Using the data below, set down every line from the one containing "Aussiedoodle, Poodle, and" through the one containing "Forming part of", inclusive and unchanged. Pictures are to be skipped.

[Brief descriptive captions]
::::

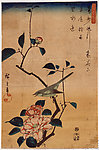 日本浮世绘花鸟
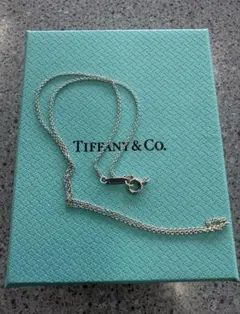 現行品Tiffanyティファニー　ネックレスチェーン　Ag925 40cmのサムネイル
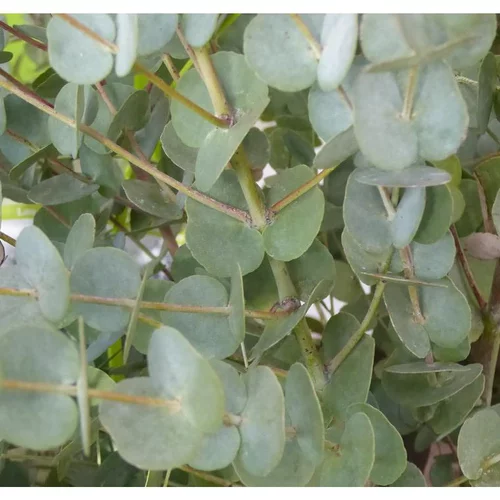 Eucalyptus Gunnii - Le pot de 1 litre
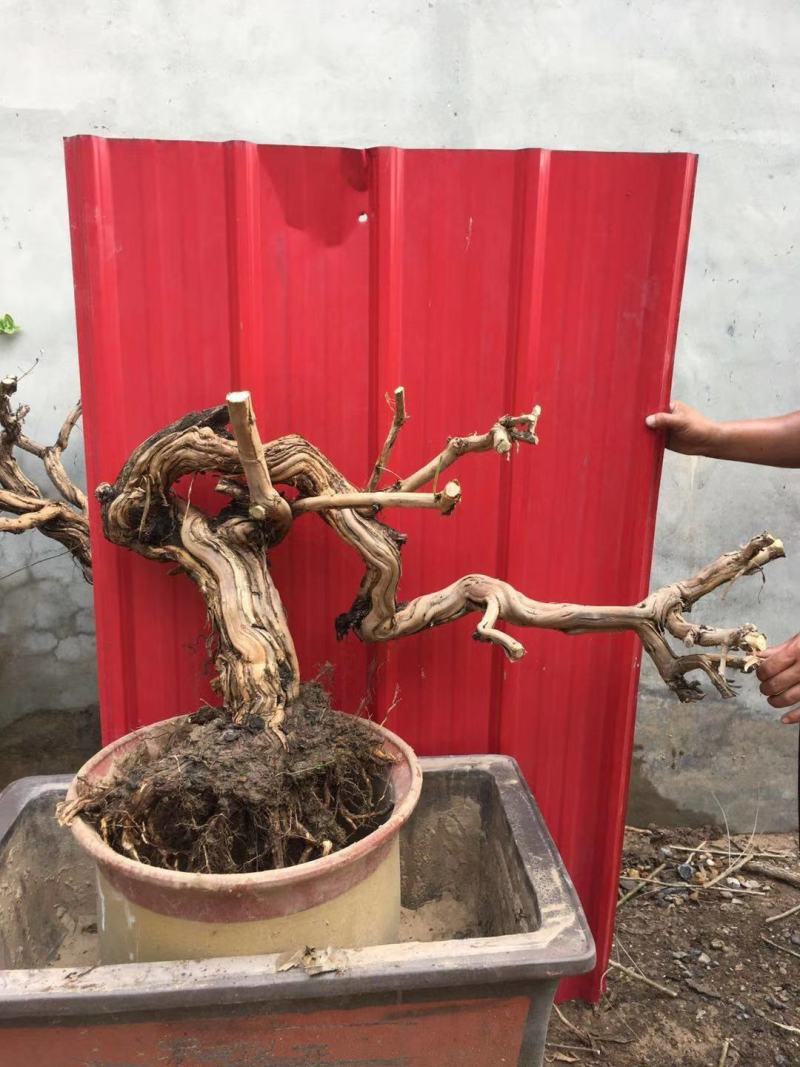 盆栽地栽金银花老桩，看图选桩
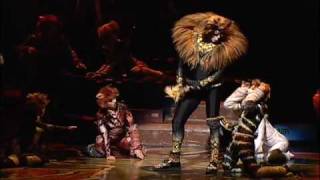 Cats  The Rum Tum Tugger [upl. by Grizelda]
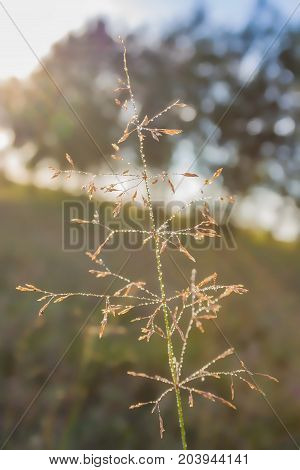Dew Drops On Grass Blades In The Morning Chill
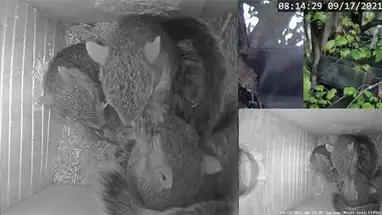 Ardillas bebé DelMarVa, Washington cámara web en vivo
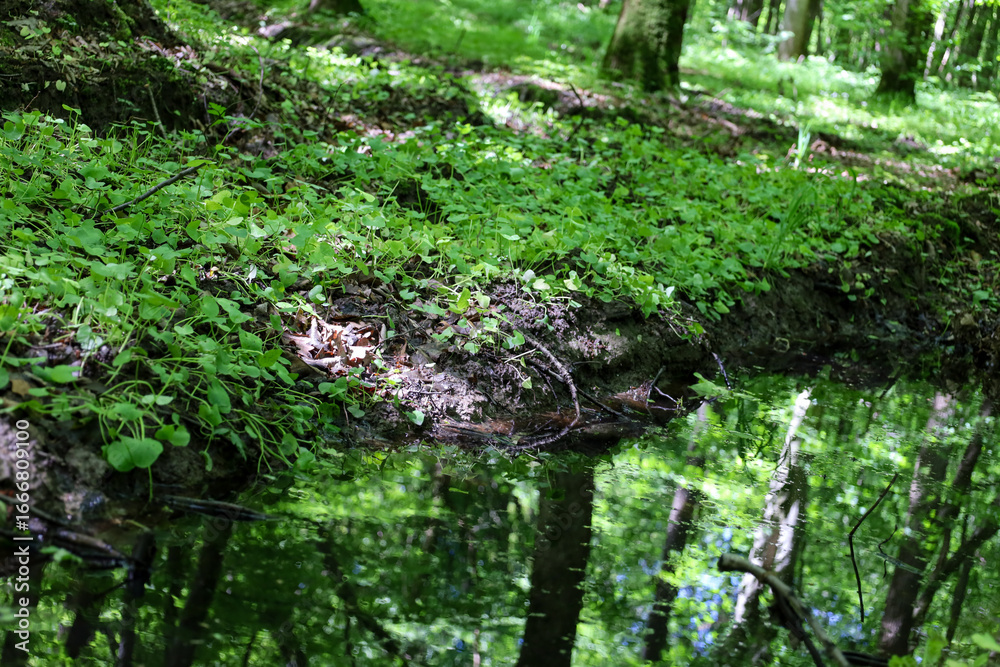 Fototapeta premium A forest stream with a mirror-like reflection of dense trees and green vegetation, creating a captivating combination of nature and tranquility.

::::

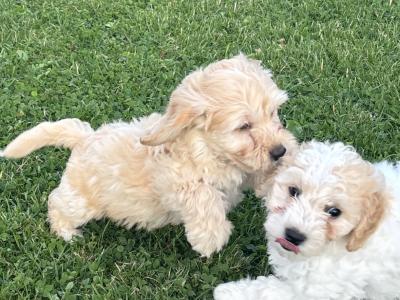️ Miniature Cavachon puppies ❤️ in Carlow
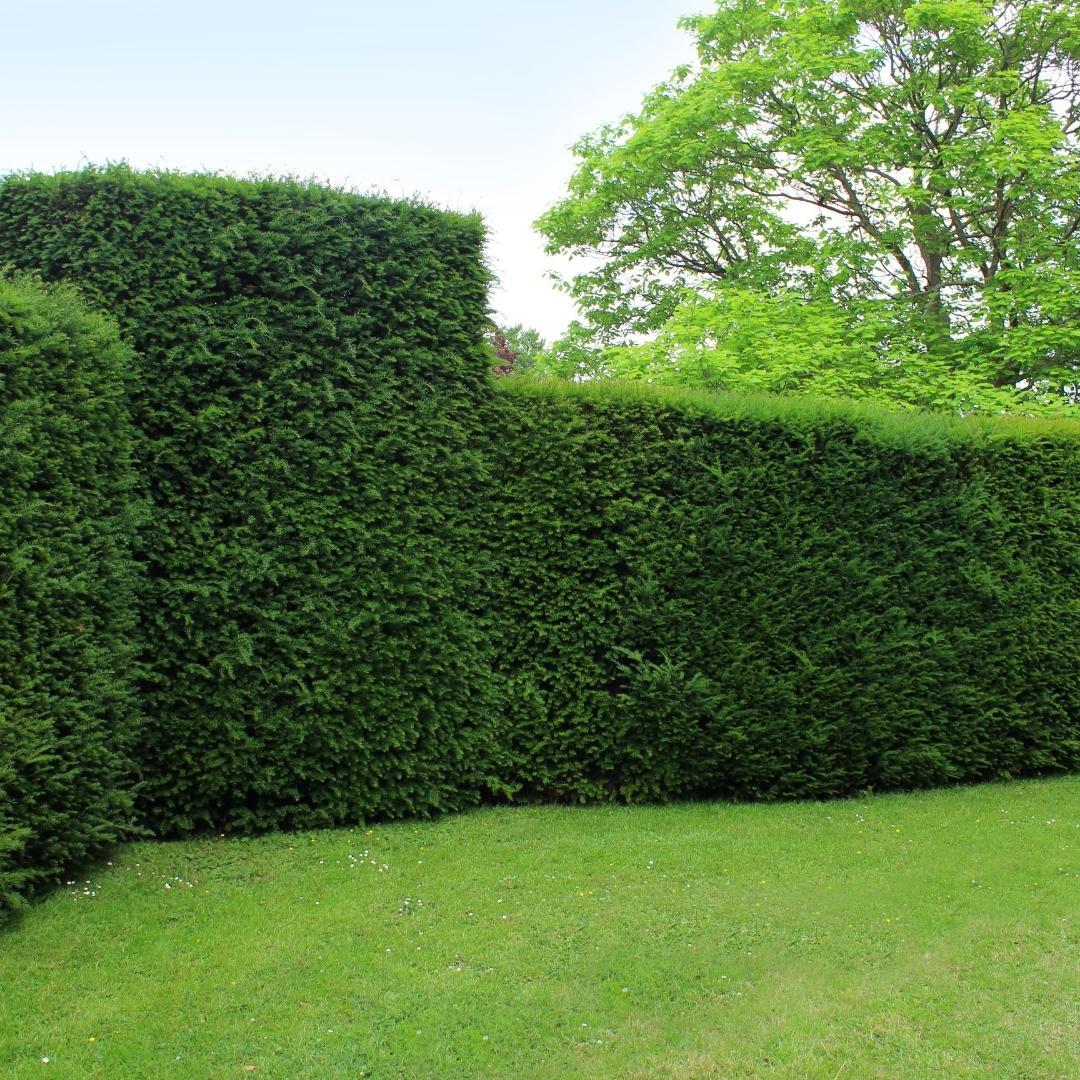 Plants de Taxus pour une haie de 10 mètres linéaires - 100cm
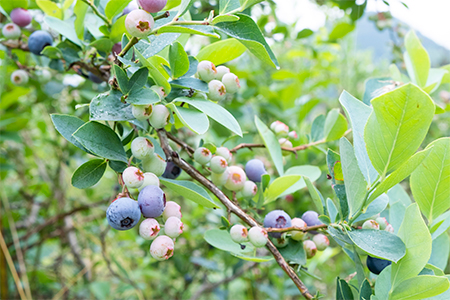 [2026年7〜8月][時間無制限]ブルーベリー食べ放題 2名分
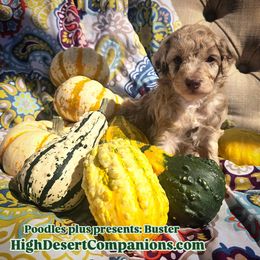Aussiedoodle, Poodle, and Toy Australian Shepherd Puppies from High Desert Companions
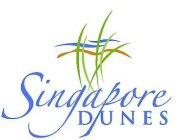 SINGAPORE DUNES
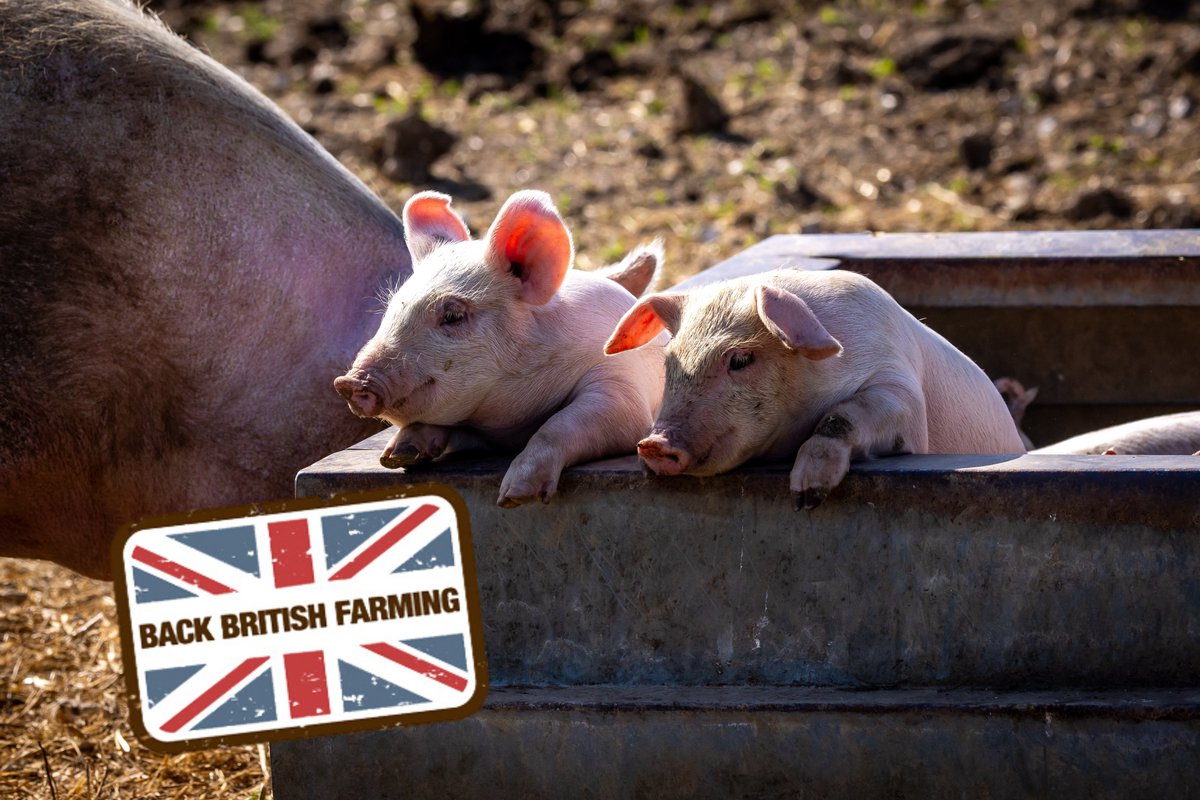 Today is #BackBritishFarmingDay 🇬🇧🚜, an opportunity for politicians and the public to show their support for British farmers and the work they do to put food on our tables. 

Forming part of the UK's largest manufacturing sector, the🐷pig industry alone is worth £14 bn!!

::::

__Exercise output__
Aussiedoodle, Poodle, and Toy Australian Shepherd Puppies from High Desert Companions
 SINGAPORE DUNES
 Today is #BackBritishFarmingDay 🇬🇧🚜, an opportunity for politicians and the public to show their support for British farmers and the work they do to put food on our tables. 

Forming part of the UK's largest manufacturing sector, the🐷pig industry alone is worth £14 bn!!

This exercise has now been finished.